Calculating the Conjunction
The conjunction
happens at the same moment in time no matter where a person is on the
earth. According to Josephus,
Seth’s sons were the first astronomers and had developed a knowledge of
the precise cycles of the sun, moon and stars (what we today call
astronomy). We can likewise determine the various cycles of the moon
with precision.
1. Toward the end of the week before the
conjunction, shortly before sunrise sight the waning moon above and towards the eastern sky.
2.
With your hand measure the angle between the waning moon and the
horizon, just as the sun rises; watching for a time that most closely
fits measuring degrees with your hands.
3.
Mark down the date, the degree of the angle (eg.25°) and the time
(eg.4:30 a.m.)
The angle in this
example is 25° between the moon and the horizon where the sun is just
appearing; and this is about 2 days before the conjunction (or what you
believe will be the day of the conjunction). Let's use 4:30 a.m. when
the sun appears. The moon travels
around the earth once a month in about 29.53 days, on average (1
revolution is 360°). We do a calculation: 29.53 days X 24 hours a day =
708.72 hours (on the average) in one 360° revolution of the moon in one
month. Then divide 360° by 708.72 hours to determine that the moon moves
precisely .508° or about .51° in
one hour. The moon moves relative to the sun by an amount .51°; multiplying
by 24 hours, makes the movement of the moon about 12.2°
every day.
The formula is the
angle of the sun to the moon at sunrise divided by the rate of change
per hour, which equals the time of conjunction, in hours, from the time
you took your measurements.
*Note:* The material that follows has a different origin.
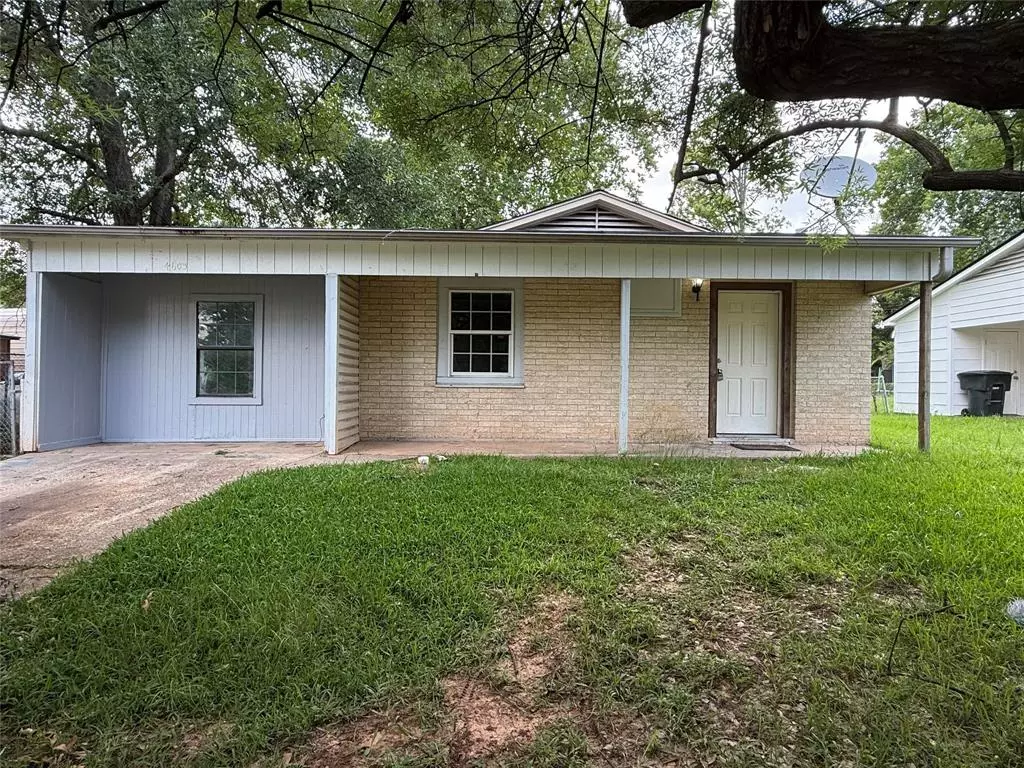 Bossier City, LA 71111,4603 Sullivan Street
That's all you need to know.
The moon will travel 360° from new moon to
new moon in 29.53 days, on average. Take the 25° measurement for the
angle between the sun and the moon at sunrise and divide it by the .51°
rate of change per hour. This gives us the amount of time it will take
for the sun and moon to reach the point of alignment or
conjunction.Therefore 25° divided by .51 degrees per hour gives us 49.2
hours. It will take 49.2 hours from 4:30 a.m., when we determined our
angle between the sun and the moon, for the moon to travel the 25° still
needed to reach conjunction. So, how many days away is 49.2 hours from
the time we determined our angle between the sun and the moon? How many
days away is the conjunction? Divide 49.2 hours by 24 hours (don't use
fractions of a day for the remainder; we want whole days with the
remainder in hours) and we come up with 2 days, with 1.2 hours or 72
minutes remaining. Add this 2 days to the date marked down, and we
arrive at 4:30 a.m (2 days later). Add the remaining 1 hour and 12
minutes to 4:30 a.m., and that brings us to 5:42 a.m. as our “rough”
calculation for the time of the conjunction. The new month then begins
after sunset the following evening in this example.